Kafka Connect Cassandra Connector. This project includes source & sink connectors.
Experimental phase.
The project can be used in two ways:
-
as a library in another project,
"kafka-connect-cassandra" is published on maven central by Tuplejump. It can be defined as a dependency in the build file. For example, with SBT,
libraryDependencies += com.tuplejump" %% "kafka-connect-cassandra" % "0.0.7"
-
using jar with Kafka Connect
Download the jar and copy it to 'KAFKA_HOME/libs'
The example uses CassandraSource and loads data from demo.event_store
. This data is then saved in another table demo.event_store_sink
using CassandraSink.
To run the example, execute examples/start.sh
in the project directory.
This script starts Cassandra, Zookeper, Kafka Server and then initiates a Kafka Connect command using the Source and Sink Configuration specified in examples/config
.
Once the script execution is completed, the data from demo.event_store
will be available in demo.event_store_sink
. You can insert a few rows in demo.event_store
to see this.
To stop the processes started for running the example, execute examples/stop.sh
Note: On running the example repeatedly, an error is thrown that topic demo
already exists but it won't block the execution
It polls Cassandra with specified query. Using this, data can be fetched from Cassandra in two modes:
- bulk
- timestamp based
The modes change automatically based on the query. For example,
SELECT * FROM userlog ; //bulk
SELECT * FROM userlog WHERE ts > previousTime() ; //timestamp based
SELECT * FROM userlog WHERE ts = currentTime() ; //timestamp based
SELECT * FROM userlog WHERE ts >= previousTime() AND ts <= currentTime() ; //timestamp based
Here, previousTime()
and currentTime()
are replaced prior to fetching the data.
CQL Type | Schema Type |
---|---|
ASCII | STRING |
VARCHAR | STRING |
TEXT | STRING |
BIGINT | INT64 |
COUNTER | INT64 |
BOOLEAN | BOOLEAN |
DECIMAL | FLOAT64 |
DOUBLE | FLOAT64 |
FLOAT | FLOAT32 |
TIMESTAMP | TIMESTAMP |
VARINT | INT64 |
All the others (BLOB, INET, UUID, TIMEUUID, LIST, SET, MAP, CUSTOM, UDT, TUPLE, SMALLINT, TINYINT, DATE,TIME) are currently NOT supported.

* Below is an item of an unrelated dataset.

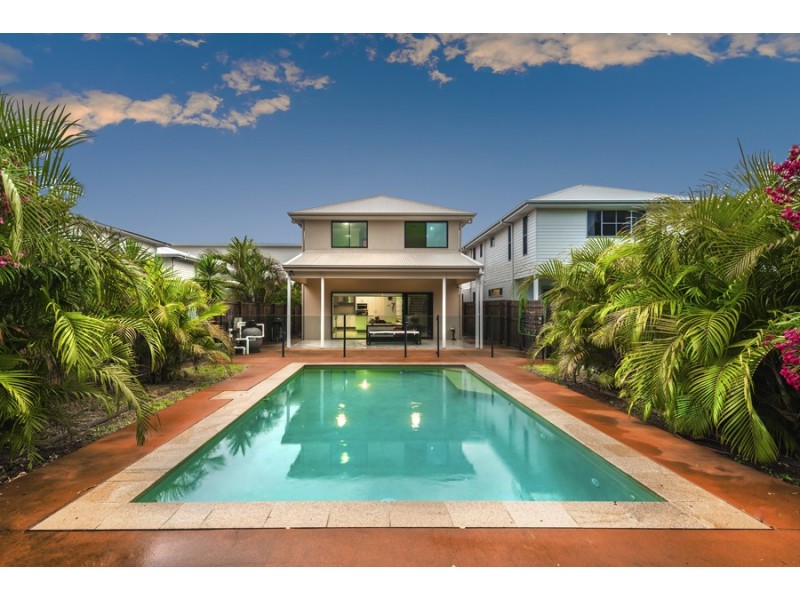 12 Long Street, Hendra QLD 4011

It stores Kafka SinkRecord in Cassandra tables. Currently, we only support STRUCT type in the SinkRecord. The STRUCT can have multiple fields with primitive fieldtypes. We assume one-to-one mapping between the column names in the Cassandra sink table and the field names.

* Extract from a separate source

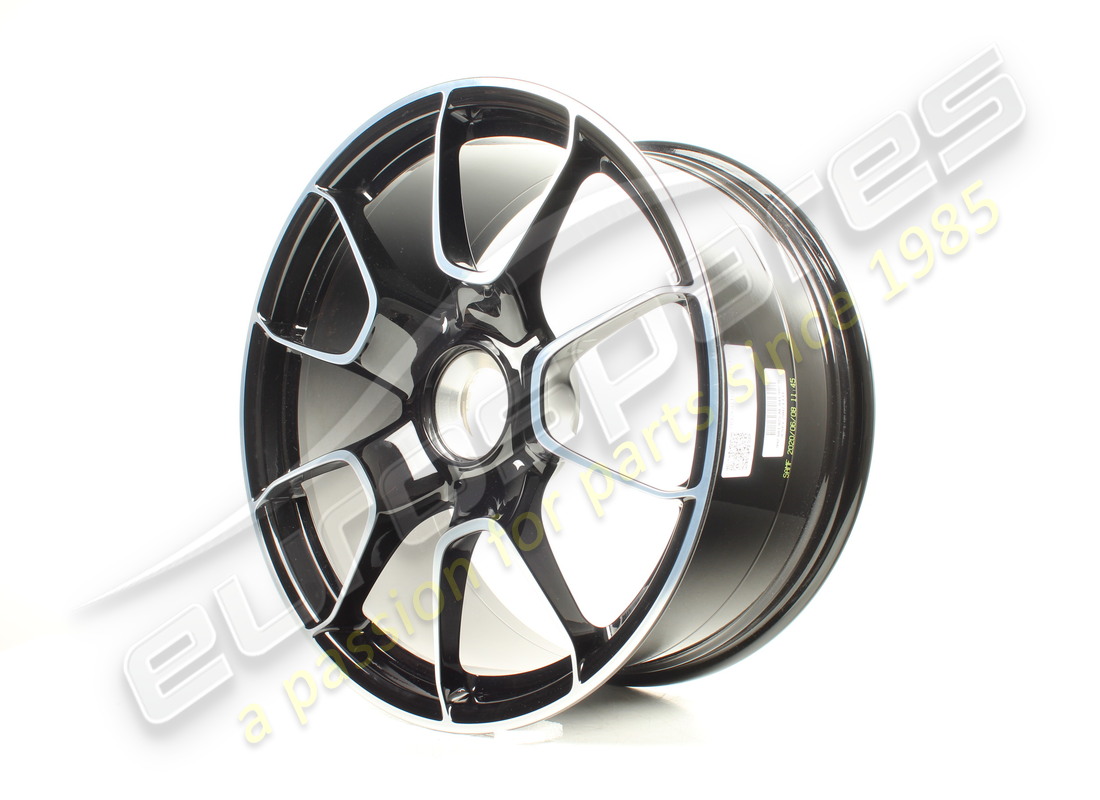 NEW PORSCHE ALLOY WHEEL WITH CENTRAL LOCKING BLACK. PART NUMBER 992601025AF041 (2) new porsche alloy wheel with central locking black. part number 992601025af041 (2)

Say, the SinkRecords has the following STRUCT value
{
'id': 1,
'username': 'user1',
'text': 'This is my first tweet'
}
Then the Cassandra table should have the columns - id, username, text
Note: The library does not create the Cassandra tables - users are expected to create those before starting the sink
Refer examples/config
for sample configuration files
name | description | default value |
---|---|---|
name | Unique name for the connector. Attempting to register again with the same name will fail. | |
connector.class | The Java class for the connector, com.tuplejump.kafka.connect.cassandra.CassandraSource or com.tuplejump.kafka.connect.cassandra.CassandraSink |
|
tasks.max | The maximum number of tasks that should be created for this connector. The connector may create fewer tasks if it cannot achieve this level of parallelism. | |
Cassandra Properties (for both Source and Sink) | ||
cassandra.connection.host | The host name or IP address to which the Cassandra native transport is bound. | localhost |
cassandra.connection.port | Port for native client protocol connections. | 9042 |
cassandra.connection.auth.username | Cassandra username | '' |
cassandra.connection.auth.password | Cassandra password | '' |
cassandra.connection.timeout.ms | Connection timeout duration (in ms) | 8000 |
cassandra.connection.read.timeout | Read timeout duration (in ms) | 120000 |
cassandra.connection.reconnect.delay.min | Minimum period of time (in ms) to wait before reconnecting to a dead node. | 1000 |
cassandra.connection.reconnect.delay.max | Maximum period of time (in ms) to wait before reconnecting to a dead node. | 60000 |
cassandra.connection.consistency | Consistency level. Values allowed can be seen here | QUORUM |
cassandra.task.parallelism | Can be one of the values: one-to-one (One topic-to-keyspace.table per task) or one-to-many (N-topic-to-keyspace.table per task) | one-to-one |
name | description | default value |
---|---|---|
cassandra.source.route.<topic_name> | The Select Query to get the data. (Refer CassandraSource documentation for more details) | |
cassandra.source.poll.interval | Frequency in ms to poll for new data in each table. | 60000 |
cassandra.source.fetch.size | Number of CQL rows to fetch in a single round-trip to Cassandra. | 1000 |
name | description | default value |
---|---|---|
cassandra.sink.route.<topic_name> | The table to write the SinkRecords to, <keyspace>.<tableName> | |
cassandra.sink.consistency | The consistency level for writes to Cassandra. | LOCAL_QUORUM |
The project requires SBT to build from source. Execute the following command in the project directory,
sbt package
sbt assembly // to generate the jar with all the dependencies
This will build against Scala 2.11.7 by default. You can override this with:
sbt -Dscala.version=2.10.6 assembly
Or to build against multiple Scala versions,
sbt +package